• **PROBLEM TO SOLVE**
The full set of entries is to be returned word for word.

• **DATA RECORDS**
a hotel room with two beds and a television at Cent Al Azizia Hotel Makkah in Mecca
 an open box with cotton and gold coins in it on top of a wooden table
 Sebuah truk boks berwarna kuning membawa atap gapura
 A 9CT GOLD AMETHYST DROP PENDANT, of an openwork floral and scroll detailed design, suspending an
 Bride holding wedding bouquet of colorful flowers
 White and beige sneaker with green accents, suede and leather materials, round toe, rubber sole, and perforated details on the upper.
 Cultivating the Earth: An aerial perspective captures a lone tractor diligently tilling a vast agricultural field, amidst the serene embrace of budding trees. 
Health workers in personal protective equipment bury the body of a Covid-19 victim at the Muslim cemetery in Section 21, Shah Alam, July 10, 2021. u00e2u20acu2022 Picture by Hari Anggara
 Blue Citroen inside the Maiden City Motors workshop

• **RESULT OF THE TASK**
a hotel room with two beds and a television at Cent Al Azizia Hotel Makkah in Mecca
 an open box with cotton and gold coins in it on top of a wooden table
 Sebuah truk boks berwarna kuning membawa atap gapura
 A 9CT GOLD AMETHYST DROP PENDANT, of an openwork floral and scroll detailed design, suspending an
 Bride holding wedding bouquet of colorful flowers
 White and beige sneaker with green accents, suede and leather materials, round toe, rubber sole, and perforated details on the upper.
 Cultivating the Earth: An aerial perspective captures a lone tractor diligently tilling a vast agricultural field, amidst the serene embrace of budding trees. 
Health workers in personal protective equipment bury the body of a Covid-19 victim at the Muslim cemetery in Section 21, Shah Alam, July 10, 2021. u00e2u20acu2022 Picture by Hari Anggara
 Blue Citroen inside the Maiden City Motors workshop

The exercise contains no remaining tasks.